ACTIVITY:
The answer is to be an exact copy of the lines below running from the line with "Mădălina Pamfile, în" down to the line with "Hotel Cristian Jay Dormitory", both ends included, and nothing more.

DATA TO EXAMINE:
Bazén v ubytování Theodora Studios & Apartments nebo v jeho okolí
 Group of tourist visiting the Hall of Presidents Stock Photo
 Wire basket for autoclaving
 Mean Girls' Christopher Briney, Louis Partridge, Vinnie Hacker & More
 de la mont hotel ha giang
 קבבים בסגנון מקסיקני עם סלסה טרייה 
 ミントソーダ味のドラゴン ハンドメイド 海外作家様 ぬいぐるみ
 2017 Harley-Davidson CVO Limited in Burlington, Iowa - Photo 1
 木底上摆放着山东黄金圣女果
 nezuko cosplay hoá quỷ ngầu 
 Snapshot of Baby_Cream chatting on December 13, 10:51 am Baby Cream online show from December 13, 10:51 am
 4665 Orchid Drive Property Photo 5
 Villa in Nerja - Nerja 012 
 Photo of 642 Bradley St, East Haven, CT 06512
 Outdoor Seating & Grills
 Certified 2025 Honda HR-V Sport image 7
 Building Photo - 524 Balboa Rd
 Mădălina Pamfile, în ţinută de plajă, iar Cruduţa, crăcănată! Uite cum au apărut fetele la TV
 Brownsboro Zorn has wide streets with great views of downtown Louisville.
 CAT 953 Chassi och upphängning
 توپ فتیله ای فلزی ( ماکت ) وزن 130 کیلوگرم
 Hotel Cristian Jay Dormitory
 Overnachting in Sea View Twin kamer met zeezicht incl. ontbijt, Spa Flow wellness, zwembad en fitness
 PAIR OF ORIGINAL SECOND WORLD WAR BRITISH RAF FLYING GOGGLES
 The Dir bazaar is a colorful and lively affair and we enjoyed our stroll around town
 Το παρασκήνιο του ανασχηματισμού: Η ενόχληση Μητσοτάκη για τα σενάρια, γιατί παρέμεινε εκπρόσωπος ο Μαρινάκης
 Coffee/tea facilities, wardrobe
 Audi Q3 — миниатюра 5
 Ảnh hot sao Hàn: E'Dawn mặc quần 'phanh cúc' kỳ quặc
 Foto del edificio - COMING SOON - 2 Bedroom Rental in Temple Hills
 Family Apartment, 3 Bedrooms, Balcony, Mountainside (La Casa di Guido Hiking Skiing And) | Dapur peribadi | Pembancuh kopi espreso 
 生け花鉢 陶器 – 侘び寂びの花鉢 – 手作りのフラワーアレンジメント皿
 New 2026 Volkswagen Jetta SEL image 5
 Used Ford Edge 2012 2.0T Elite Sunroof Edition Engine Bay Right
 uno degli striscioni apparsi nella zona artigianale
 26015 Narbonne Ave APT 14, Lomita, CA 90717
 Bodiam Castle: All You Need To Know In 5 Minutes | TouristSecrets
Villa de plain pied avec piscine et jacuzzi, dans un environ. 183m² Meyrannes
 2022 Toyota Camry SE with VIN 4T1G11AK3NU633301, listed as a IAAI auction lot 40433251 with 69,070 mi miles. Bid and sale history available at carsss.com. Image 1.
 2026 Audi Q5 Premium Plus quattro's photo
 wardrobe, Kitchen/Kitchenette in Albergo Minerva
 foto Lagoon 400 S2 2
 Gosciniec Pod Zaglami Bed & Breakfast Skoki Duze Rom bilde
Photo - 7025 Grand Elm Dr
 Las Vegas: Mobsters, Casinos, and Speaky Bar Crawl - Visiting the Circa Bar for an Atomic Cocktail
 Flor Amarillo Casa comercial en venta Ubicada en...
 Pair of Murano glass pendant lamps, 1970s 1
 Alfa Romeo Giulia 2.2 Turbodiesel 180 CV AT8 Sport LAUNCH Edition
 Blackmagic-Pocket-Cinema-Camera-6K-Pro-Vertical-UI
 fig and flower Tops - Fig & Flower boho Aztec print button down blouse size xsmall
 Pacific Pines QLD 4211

SOLUTION TO THIS PROBLEM:
 Mădălina Pamfile, în ţinută de plajă, iar Cruduţa, crăcănată! Uite cum au apărut fetele la TV
 Brownsboro Zorn has wide streets with great views of downtown Louisville.
 CAT 953 Chassi och upphängning
 توپ فتیله ای فلزی ( ماکت ) وزن 130 کیلوگرم
 Hotel Cristian Jay Dormitory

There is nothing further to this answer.